Since 1960 the newspapers have been full of major spy stories: the U-2 overflights, the Philby conspiracy, the dangers of the Profumo affair, the Bay of Pigs, the Cuban missile crisis, the Kennedy assassination, the C.I.A.’s activities in Indochina and Latin America, the rise of domestic surveillance and agents provocateurs, the Pentagon Papers, Watergate, the resignation of Willy Brandt. Le Carré’s novels perfectly express the moral and political disillusion such revelations evoke in citizens of democratic countries who have long prided themselves on their ‘open societies.’
“However, are not Le Carré’s novels, even at their best, falsely comforting? For all their angry social criticism, they always offer us the pleasures of imagining the world as it was portrayed in the good old-fashioned English novel of class and character, manners and morals: the surface details of the physical and social world are clearly seen; people’s looks and voices are immediately categorized and brightly reproduced; the plots are complex, suspenseful, full of historical details, but they are always triumphantly concluded, all mysteries and ambiguities neatly resolved. The psychology is straightforward; motives tend to be unmixed; the tangles of sex and family life are simplified.

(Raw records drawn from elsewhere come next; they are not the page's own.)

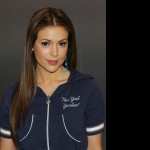 Alyssa Milano wallpapers for android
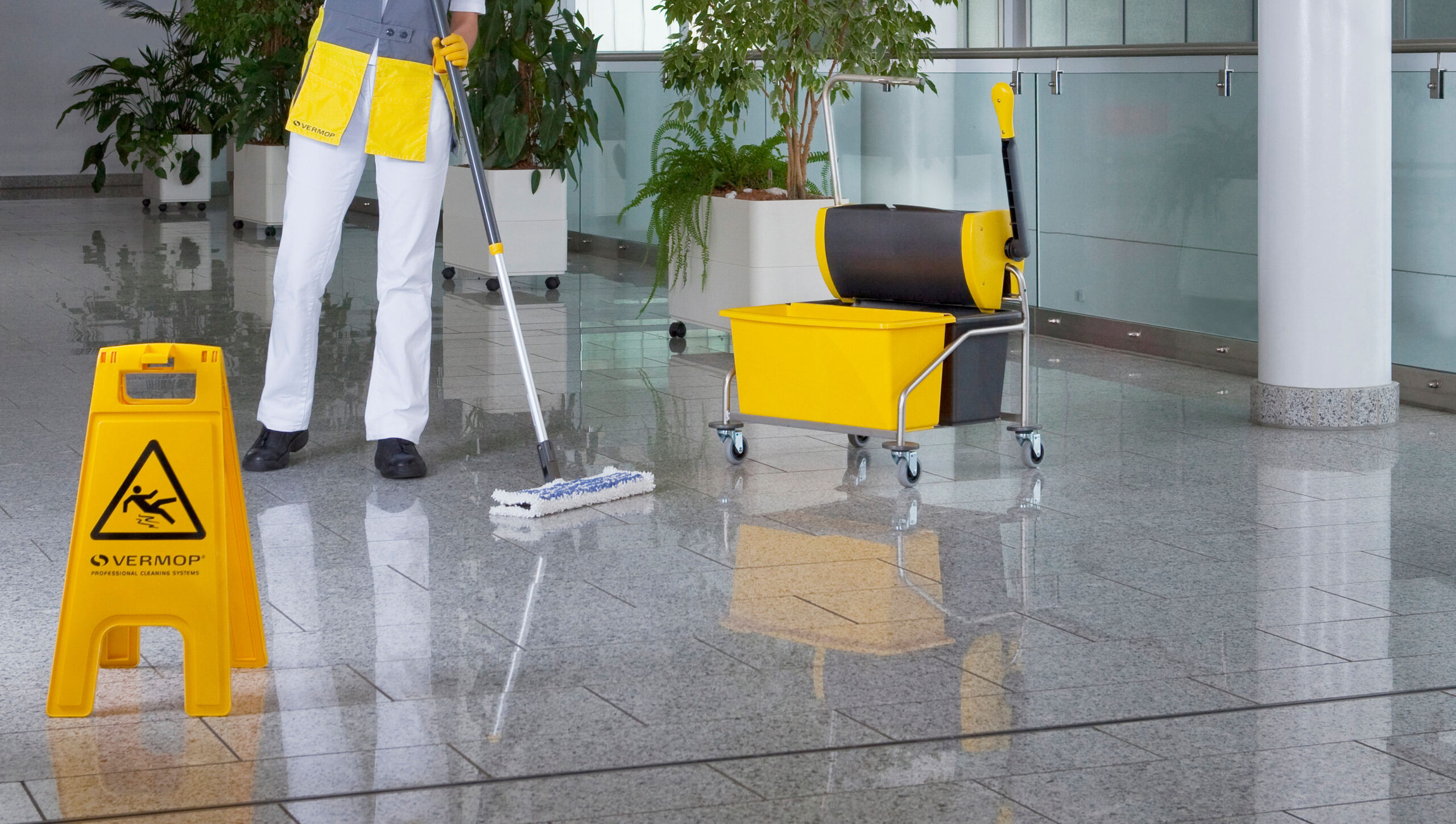 Putzwagen in grau-gelb mit weißen Türen.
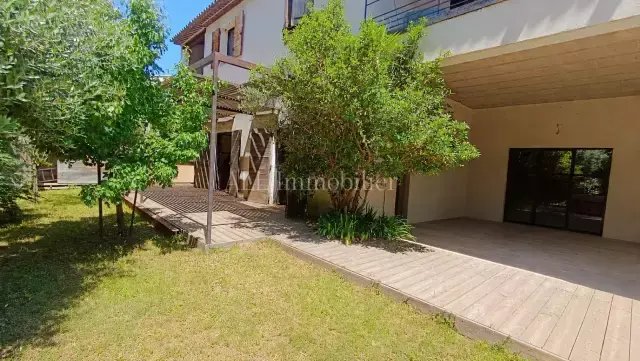 House in La Môle, Provence-Alpes-Côte d'Azur, France 3 - 16485919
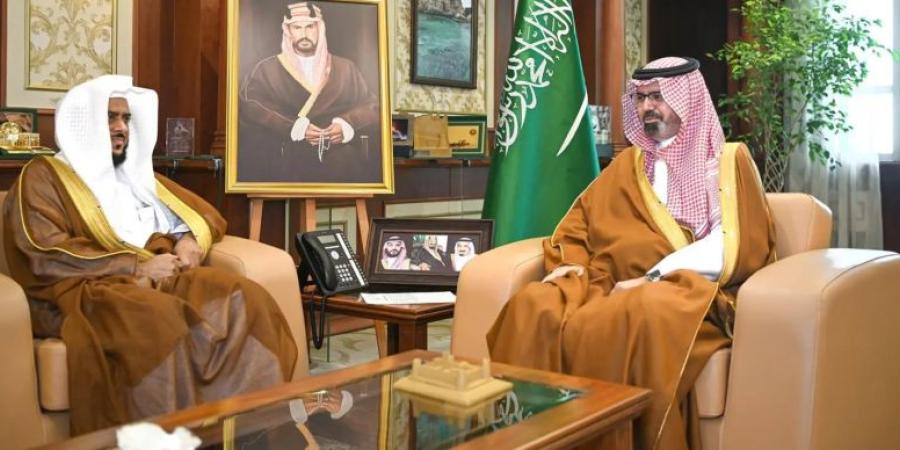 نائب أمير جازان يطلع على جهود وزارة العدل في تطوير الخدمات القضائية وتيسير إجراءات التقاضي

Le Carré’s novels appear to dispel the romantic illusion of a strong, noble British Daddy who knows best: but is not George Smiley essentially a somewhat reduced and saddened but good old British Daddy all the same? Leamas dies a violent death, Smiley lives to rejoin his wife and spy another day; but in both cases they perpetuate national stereotypes. Quite inadvertently Le Carré’s novels reinforce the sodden liberalism they claim to condemn. They are nostalgic and given to self-pity; they offer two-dimensional models of human experience, melodramatic or sentimental answers to political dilemmas, and the simplistic and self-comforting suggestion that good men (and readers) should give up politics for lost and go and cultivate their gardens. Le Carré’s books repeatedly express a horrified, morally outraged but essentially naive retreat from the full imagination of politics and society. His novels thus bear only superficial resemblance to such complex and ironic spy novels as Kurt Vonnegut’s Mother Night (1961), Anthony Burgess’s A Tremor of Intent (1967) and — on the grand scale — Thomas Pynchon’s V. (1963) and Gravity’s Rainbow (1973). In those books human experience is intrinsically problematical, often absurd; in Le Carré’s books everything works out. When Le Carré tried for depth in his last novel, he failed; modernism and the ironies of the literary novels of the 1960’s are beyond him; but when, as in this new book, he shows the surface of experience in that good old-fashioned way, he is thoroughly entertaining.”